Lou---you just gotta turn down that headbanging [email protected]*^!! 

"almost like a mass suicide"--the vibrations dude....


----------



## oddlot (Jun 28, 2010)

Judy S said:


> Lou---you just gotta turn down that headbanging [email protected]*^!!
> 
> "almost like a mass suicide"--the vibrations dude....



Haha,I call it as I see it and I like to paint a picture of things........

Besides I'm more of a Pink Floyd kind of guy


----------



## Enlightened Rogue (Mar 21, 2006)

oddlot said:


> Haha,I call it as I see it and I like to paint a picture of things........
> 
> Besides I'm more of a Pink Floyd kind of guy


Judy, he like`s Pink Floyd like us!!!!!


----------



## FroggyKnight (Mar 14, 2013)

oddlot said:


> Haha,I call it as I see it and I like to paint a picture of things........
> 
> Besides I'm more of a Pink Floyd kind of guy


THATS good music


----------



## Enlightened Rogue (Mar 21, 2006)

FroggyKnight said:


> THATS good music


Damn Straight


----------



## billschwinn (Dec 17, 2008)

Enlightened Rogue said:


> Damn Straight


And whats wrong with 8o's metal, it still is getting new listeners!


----------



## oddlot (Jun 28, 2010)

We might be showing our age a little,but you gotta love Pink Floyd!


----------



## Judy S (Aug 29, 2010)

Some of us are more discerning than others....


----------



## oddlot (Jun 28, 2010)

billschwinn said:


> And whats wrong with 8o's metal, it still is getting new listeners!
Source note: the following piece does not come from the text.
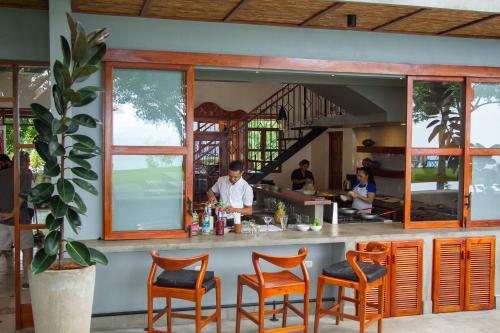 a restaurant with a bar with orange chairs at El Guayacán in Valle la Laguna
You can throw in some metallica for a good mix.


----------



## FroggyKnight (Mar 14, 2013)

oddlot said:


> We might be showing our age a little,but you gotta love Pink Floyd!


Hey, I'm a lot younger than you think! All of my music is from the '60s, '70s and '80s so I guess you could say I was born in the wrong generation, but I prefer to think I'm here to keep this stuff alive



oddlot said:


> You can throw in some metallica for a good mix.


Dude, that is the best metal ever made, no doubt.


----------



## Enlightened Rogue (Mar 21, 2006)

From Giant Orange Iso`s to rock and roll....man I dig it here.


----------



## oddlot (Jun 28, 2010)

Hey John, it's your thread,if your cool with the topic change then it's all good.

Oh and if not,Uh,I love giant isos too!(just to keep it somewhat on track)


----------



## Enlightened Rogue (Mar 21, 2006)

Oh it`s cool Lou, no problem here.


----------



## Pumilo (Sep 4, 2010)

I can't believe I haven't weighed in on a subject that is right up my alley. What's wrong with Pink Floyd *AND* Metallica? Love em both!


----------



## Judy S (Aug 29, 2010)

sometimes I wish there was a "boo" button on the options....


----------



## Enlightened Rogue (Mar 21, 2006)

Pumilo said:


> I can't believe I haven't weighed in on a subject that is right up my alley. What's wrong with Pink Floyd *AND* Metallica? Love em both!


Doug`s got a thing for Jefferson Airplane too.
Yea, I still haven`t forgotten about White Rabbit


----------



## frogparty (Dec 27, 2007)

Pink Floyd and Metallica!!!! Two of my favorites!


----------



## FroggyKnight (Mar 14, 2013)

I LOVE YOU dendroboard!!! All of you guys love frogs, good music and fun


----------



## oddlot (Jun 28, 2010)

Pumilo said:


> I can't believe I haven't weighed in on a subject that is right up my alley. What's wrong with Pink Floyd *AND* Metallica? Love em both!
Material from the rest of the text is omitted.